One wonders how enthusiastically NBA veterans Edwards, who has two championship rings, and guard Doc Rivers will perform in reserve roles. But coach Mike Schuler plans to start Olden Polynice at center and a possibly rejuvenated Gary Grant, who lost 25 pounds during the off-season, at the point. With guard Ron Harper and forwards Charles Smith, Danny Manning and Ken Norman, the Clips definitely have the talent to be a playoff team, but they still have to find the formula to put it all together.
No team did more extensive off-season remodeling than Atlanta, which parted company with six established NBA players (Rivers, Moses Malone, John Battle, Spud Webb, Tim McCormick and Sidney Moncrief). Star forward Dominique Wilkins admits that adjusting to all the new faces is difficult for him. And it's going to be even more difficult if the young backcourt of Rumeal Robinson and rookie Stacey Augmon can't get him the ball.
Do we shed a tear for Dallas, now that talented frontcourtman Roy Tarpley has taken a called third strike in his battle with drugs and alcohol? Or do we blast the Mavs for staying with the troubled star too long? Dallas had better hope that young Doug Smith can compensate for some of Tarpley's lost talent. If he can't, this will be a franchise on the way down.
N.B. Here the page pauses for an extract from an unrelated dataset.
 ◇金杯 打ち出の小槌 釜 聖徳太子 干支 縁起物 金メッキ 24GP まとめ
One of the best lines of the exhibition season came from New Jersey coach Bill Fitch: "We've got a long way to go just to get us to last year, and last year was good enough to get us into the lottery." So why will the Nets improve on their 26-win season of '90-91? Because Rookie of the Year forward Derrick Coleman will be even better, Anderson will eventually sign and make a difference (not a large one at first, but a difference), and guard Drazen Petrovic will make an impact as a scorer.
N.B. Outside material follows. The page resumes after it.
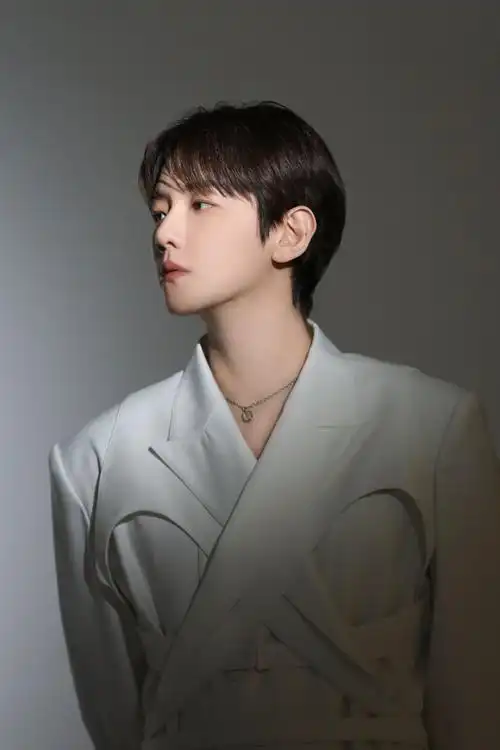 边伯贤澳门#第一个在银河开solo演唱会的9693艺人  期待演唱会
Here's one to take to Vegas: Sacramento will improve on its road record of 1-40 last season. (The Kings should be no worse than, say, 5-36.) When the competitive Richmond meshes his game with that of second-year forward Lionel Simmons, and when Webb gets comfortable running the offense, this will be a franchise on the way up.
The team has stuck to its plan of building with young players. And that strategy will begin to pay off this season when holdout guard Sherman Douglas signs, permitting rookie Steve Smith to work his way into the league at a more studied pace.
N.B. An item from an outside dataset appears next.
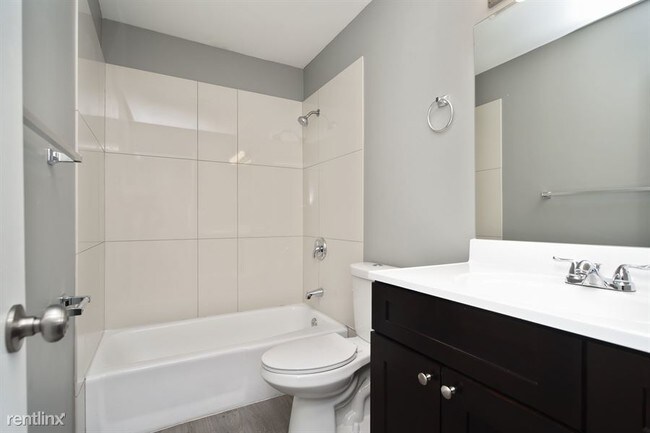 Foto del edificio - 2114 N Elmwood Ave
Coach Matty Guokas had hoped that Roberts would help. But when he reported at 315 pounds and did not deliver much in the exhibition season, it was journeyman center Greg Kite to the fore once again. Barring a vast improvement from swing-man-shooter Dennis Scott, Orlando will not match its 31 wins of last season.
What mastermind in the front office chose this season to unveil the new slogan, "You gotta believe"? What Washington coach Wes Unseld has to believe is that he'll be lucky to win 25 games, five fewer than last year. As this season began, forwards Bernard King and Mark Alarie and rookie guard LaBradford Smith were injured, John Williams had been suspended for being overweight, and Unseld seemed to be losing patience with guard Ledell Hackles. The good news in Washington? Boy, those Redskins really look like a Super Bowl team.
The kind of half-baked, full-court comic relief provided by coach Paul Westhead's shoot-within-four-seconds attack of last season is over, and a plan to build the offense around center Dikembe Mutombo is in place. Pencil this guy in for Rookie of the Year, and pencil in last season's worst team (20-62) for a few more wins.
Former coach Bill Musselman is gone, and so are the shackles around the legs of open-court-oriented point guard Pooh Richardson. Only one hitch—Musselman's boring system was the main reason Minnesota overachieved its way to 29 wins last season. Good luck, new coach Jimmy Rodgers—you're going to need it.